Aujourd'hui, la peur a envahi la ville et le pays tout entier, poursuit la journaliste. "Les gens regardent constamment quelle ville sera la prochaine touchée par la CIE. Gregory Bovino est le chef de cette opération, les gens regardaient donc où il allait et où il était prévu qu'il aille. Il s'est donc rendu à Charlotte, à la Nouvelle-Orléans et à Chicago. Aujourd'hui, il y a eu un peu de remaniement et Tom Homan est à Minneapolis, à la place de Bovino. Nous observons ce que dit Homan, ce qu'il va faire, où il va aller. Mais c'est vrai, les gens ont vraiment peur", explique t-elle.
Certains s'accordent à dire que ce que l'Amérique a vécu ces dernières semaines est une sorte de guerre civile. "La différence entre une guerre civile et ce que nous vivons actuellement, c'est que la résistance des citoyens, qui ne sont armés que de sifflets et d'appareils photo, de téléphones qui enregistrent ce qui se passe, se défend, réagit, mais elle est, pour l'essentiel, non violente", observeAngelina Katsani.
La journaliste a également recueilli le point de vue des agents de la police anti-immigration. "Je pense que l'ICE considère qu'il s'agit d'une guerre civile. J'ai parlé à des agents qui m'ont dit qu'ils craignaient pour leur vie et que les gens essayaient de leur faire du mal. Je pense donc que cette mentalité, pour quelque raison que ce soit, les rend plus craintifs et risque d'aggraver la situation, comme nous l'avons vu avec Alex Pretty, Renee Goode et bien d'autres encore [ndlr : il y a des rapports faisant état d'un total de 38 morts dans tout le pays du fait de l'ICE]. Il est donc certain que les hommes de l'ICE craignent également la présence des citoyens et des résidents du Minnesota", témoigne-t-elle.
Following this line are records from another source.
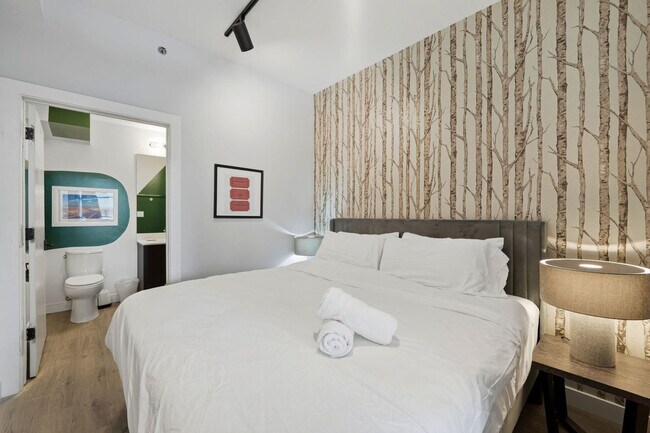 Building Photo - 417 S Dearborn St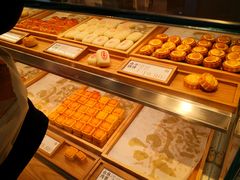 面包甜点陈列柜-泸溪河桃酥(欧尚店)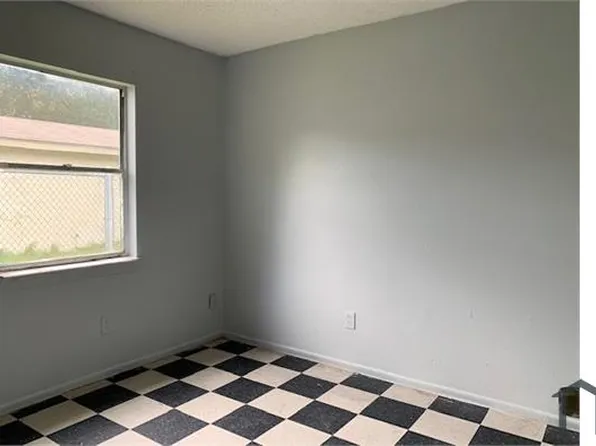 8207 N 11th St, Tampa, FL 33604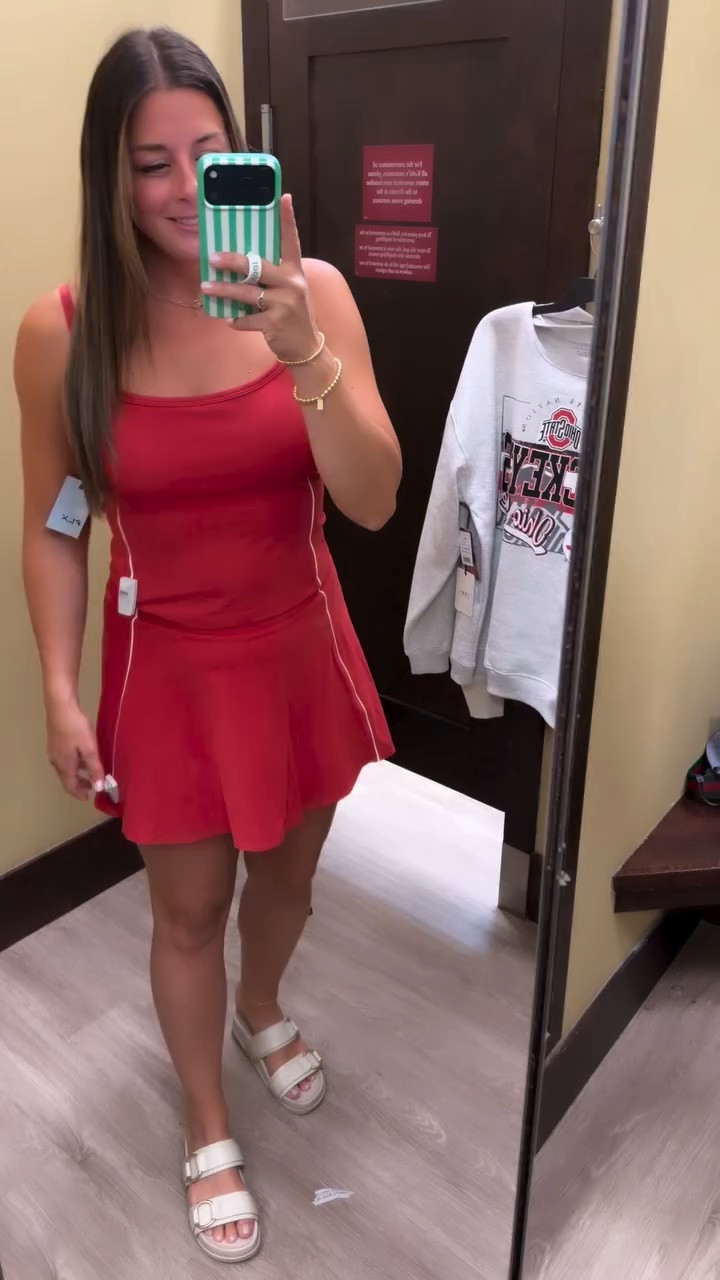 Athletic finds at Kohls that are 🔥 🔥 the quality is high end and the price is so good! 

#kohlsfinds #kohlsstyle #kohlspartner #athleticwear #casualstyle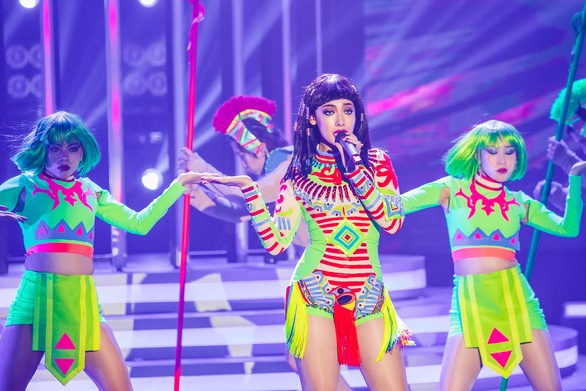 Mot mua mo nhat cua Guong mat than quen anh 1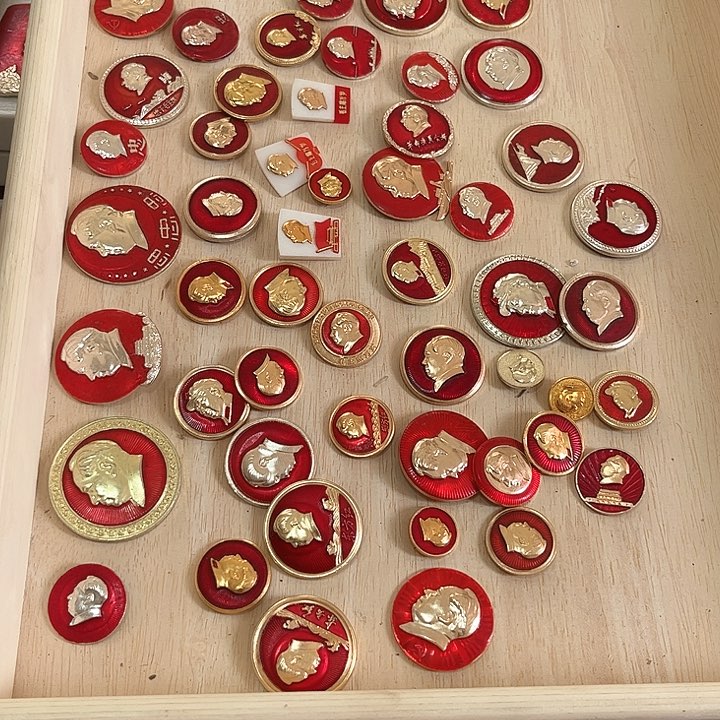 其他普通金属大**哈50枚小章 送8枚品相一般的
Quelle est la réaction des habitants de New York face aux événements ? De retour dans la ville, Angela a pu constaté une véritable vague de soutien pour Minnesota.
"Ils sont également en première ligne. L'ICE est donc bel et bien présent à New York, même si ce n'est pas la même chose que de frapper aux portes comme à Minneapolis. Mais les New-Yorkais, même si cela ne se passait pas ici, soutiennent fermement ce qui se passe dans le Minnesota. Hier soir, j'ai photographié une manifestation en faveur d'Alex Pretty, à laquelle ont participé des milliers de personnes, par un temps très, très froid. Les manifestants sont restés debout pendant plus d'une heure. Pendant que les gens prononçaient des discours, ils se trouvaient à l'hôpital des vétérans à Manhattan. D'une manière générale, des manifestations ont lieu dans toute la ville. Je crois qu'une soixantaine de manifestants ont été arrêtés il y a deux nuits pour avoir organisé un sit-in et une manifestation contre l'ICE en réponse au meurtre d'Alex Pretty. Il s'agit donc bien d'une mentalité unifiée de la nation, de la mentalité d'un pays unifié."